Klarić bu baskının tatsız olduğunu ama kendisini gitme konusunda daha da kararlı kıldığını söyledi.
"İnsanları manipüle etme ve kontrol etme aracının korku olduğu ülke ve toplumlara karşı gerçekten mücadele ediyorum" diyen Klarić, bu durumun kendisine 1990'larda Bosna'daki savaşta karşılaştığı tehdit ve gözdağını hatırlattığını söyledi.
"Birinin sizi korkutması hissinden gerçekten nefret ediyorum" dedi.
Geçtiğimiz hafta Pekin, iktidardaki Demokratik İlerleme Partisi'nin (DPP) "bağımsızlık için provokasyon yaptığını" söyleyerek Tayvan'ı yıllık Han Kuang askeri tatbikatını düzenlediği için eleştirdi.
Çin Dışişleri Bakanlığı sözcüsü Mao Ning Pekin'de düzenlediği basın toplantısında gazetecilere yaptığı açıklamada "Bağımsızlığı istemek ya da yeniden birleşmeyi reddetmek için gerilimi tırmandırmaya ve güç kullanmaya yönelik her türlü girişim başarısızlığa mahkumdur" dedi.
Çin, Tayvan'ın müttefiklerini, genellikle kalkınma yardımı vaatleriyle, ittifaktan ayırmaya çalışıyor.
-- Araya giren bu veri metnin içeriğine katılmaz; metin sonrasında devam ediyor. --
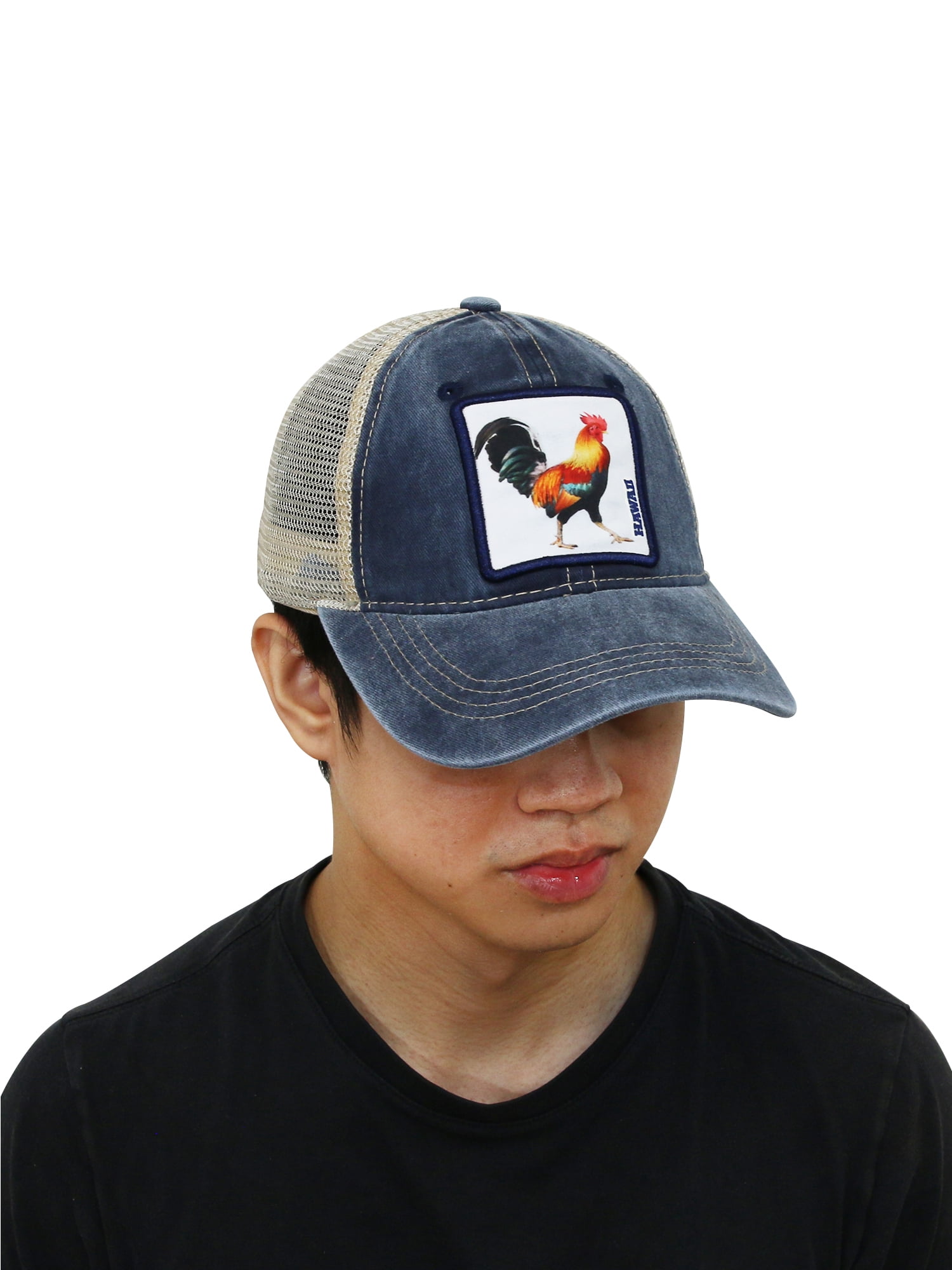 Island Crew Hawaii Mesh Cap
Pasifik ada ülkesi Nauru'nun bu yılın başlarında Pekin'den yana tavır alması, Tayvan'ın resmi diplomatik müttefik sayısını 12'ye indirdi.
Ancak Çin'in zaman zaman sertleşen yaklaşımı diğer ülkelerle arasını açmasına neden oldu.
2021 yılında, Vilnius'taki bir Tayvan temsilciliğinin Çin Taipei'si yerine Tayvan adını taşımasını kabul ederek diplomatik teamülleri çiğnemesinin ardından Pekin, hem Avrupa Birliği (AB) hem de NATO üyesi olan Litvanya'dan ithalatı engelledi.
Ertesi yıl AB, Pekin'in Tayvan'a yönelik tutumunu eleştiren bir kararı kabul ederek, ithalat kısıtlamaları nedeniyle Dünya Ticaret Örgütü'nde (DTÖ) Çin'e karşı harekete geçti.
Hedef alınan milletvekillerinin çoğunun daha küçük ülkelerden olduğu görülüyor ve de Pulford bunun sebebinin Pekin'in "yaptıklarının yanlarına kar kalacağını düşünmesi" olabileceğini söyledi.
Ancak zorlayıcı taktiklerin, katılımcıları zirveye katılma konusunda daha kararlı hale getirdiğini de sözlerine ekledi.
Çinli diplomatlar tarafından parti başkanına ulaşılan Avrupa Parlamentosu'nun Slovakyalı üyesi Miriam Lexmann, Tayvan'a gelme nedeninin Çin tarafından yapılan baskı olduğunu belirtti.
Lexmann, "bilgi alışverişinde bulunmak, Çin'in dünyanın demokratik kesimi için temsil ettiği zorluk ve tehditlerle nasıl başa çıkılacağının yollarını bulmak ve elbette Tayvan'ı desteklemek istiyoruz" dedi.
Çin Dışişleri Bakanlığı, yorum talebine cevap vermedi.